Zombies, Geister und Gruselspuk kommen einem an dieser Stelle als Erstes in den Sinn, doch Jean Rollin hat dies als seinen seltsamsten Film bezeichnet und das will was heißen. Deshalb bekommt man hier nichts von den Vermutungen serviert. Gar nichts. Die Sätze oben sind nämlich tatsächlich der gesamte Inhalt des Films. Mehr passiert hier nicht. Wir begleiten die beiden namenlosen Protagonisten einfach nur auf diesem Friedhof, ohne das von außen irgendetwas passiert. Hier steigt niemand aus den Gräbern und auch ansonsten gibt es kein Spannungsmoment. Wer so etwas sehen will, ist bei dem Film absolut falsch. „Die eiserne Rose“ folgt zu keinem Zeitpunkt irgendeiner Regel der Filmgeschichte oder verfolgt eine strukturierte Narrative. Während er in „Die Folterkammer des Vampirs“ die Sprache auf ein Minimum reduzierte, zieht er hier den Inhalt zusammen. Der einzige Fokus liegt nämlich auf der Atmosphäre. Die Wirkung des Friedhofs auf das Pärchen und auch die Wirkung auf den Zuschauer, ist hier im Vordergrund. Ob das allerdings für einen kompletten Spielfilm ausreicht, ist nur subjektiv zu beantworten. Ich sage ganz klar „Ja“, während wahrscheinlich 95% „Nein“ brüllen werden. Es ist Rollin und der bekommt das immer irgendwie hin. Zumindest funktioniert es bei mir. Ich schaue auf die Leinwand und tauche ab. Zeit und Raum steht still. Als ob ich im Louvre in einem Gemälde versinken würde. Der Friedhof ist nämlich atemberaubend und was er wieder an Kameraperspektiven und Licht aufbietet ist einfach nur wunderschön. Aber eben auch nicht einfach. Während unsere Protagonisten den Ausgang des Friedhofs nicht finden, werden viele Zuschauer entgegengesetzt nicht hineinfinden. Mein volles Verständnis dafür. Das ist auch nicht so einfach. Mit Francoise Pascal hatte er aber auch eine reizende Hauptdarstellerin, die man wirklich gerne begleitet. Allerdings sollte man auch ihre Handlungen nicht hinterfragen und eine Sinnsuche lostreten. Es ist Rollin, das interessiert ihn einfach nicht. Es ist eine andere Welt, die nicht so funktionieret, wie wir das gewohnt sind. Vielleicht hat er auch deshalb wieder einen seltsamen Clown eingebaut, ein wiederkehrendes Element in seinen Filmen, um daraufhin zu weisen, dass dies keine „normale“ Erzählstruktur ist.
Damit hatten aber wohl einige erzürnte Festivalbesucher so ihre Probleme.

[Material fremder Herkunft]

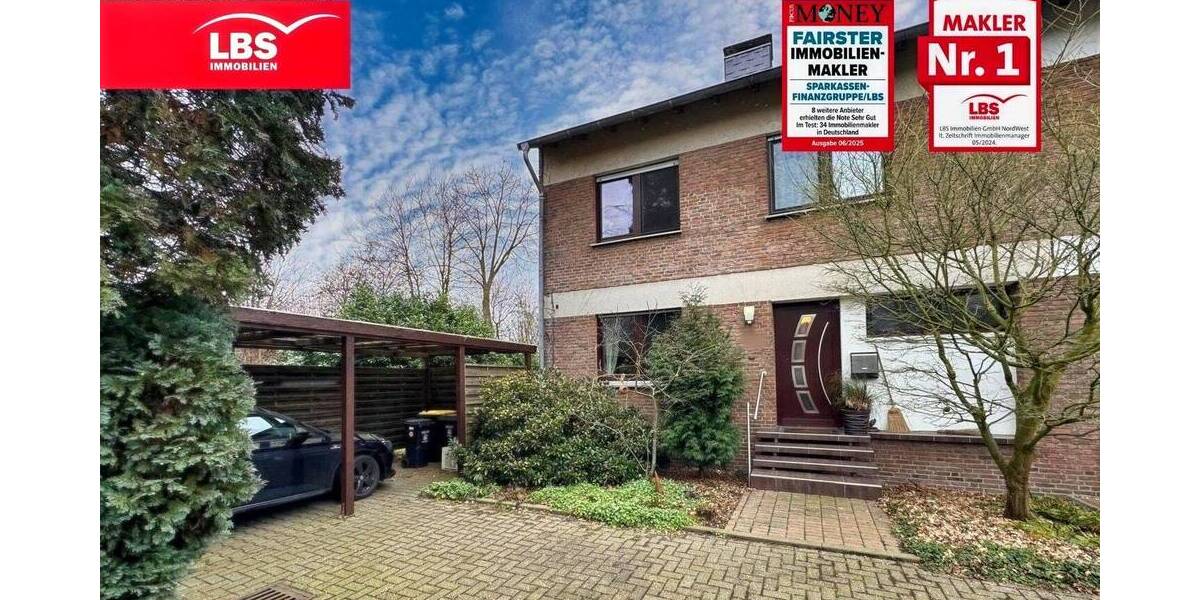 Reihenendhaus Hünxe Drevenack - 4 Zimmer, 138 m&sup2;, 350.000&euro; | Angebot:26037114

Jean Rollin war im Kino zu Gast und hat vor dem Film zum Publikum gesprochen und wollte vermitteln, wie man in den Film reinkommt. Dies war dann selbst für den oft gescholtenen und unverstandenen Regisseur eine schwarze Stunde. Tumultartige Szenen müssen sich abgespielt haben und er wurde mit Schimpf und Schande davongejagt.
Ich bin so unglaublich froh, dass seine Filme im heutigen Zeitalter wiederentdeckt und auch neu bewertet werden und freue mich wirklich darüber, dass er hiervon zu seinen Lebzeiten noch etwas mitbekommen hat. Im Gegensatz zum Kollegen Lucio Fulci, der seinen heutigen Stellenwert nicht mehr erlebte.
Letztlich möchte ich aber auch noch auf die wundervolle und ebenfalls experimentelle Musik hinweisen, die einen riesigen Anteil an der seltsamen Atmosphäre des Films besitzt. Manchmal nur surreale Klänge und menschliche Stimmen, die aber völlig verfremdet in tolle Melodien gepackt werden. Auch dies ist im Jahr 1973 wirklich abgefahren. Wie immer folgt der Hinweis: Ich kann diesen Film niemanden empfehlen. Es gibt auch keinen Einsteiger-Rollin. Er ist und bleibt für mich auch eine Übungssache. Man braucht einfach ein wenig, um Verständnis zu erlangen. Diesen Genuss muss man sich tatsächlich erarbeiten. Wenn man aber einmal drin ist, offenbart sich auch der Rest.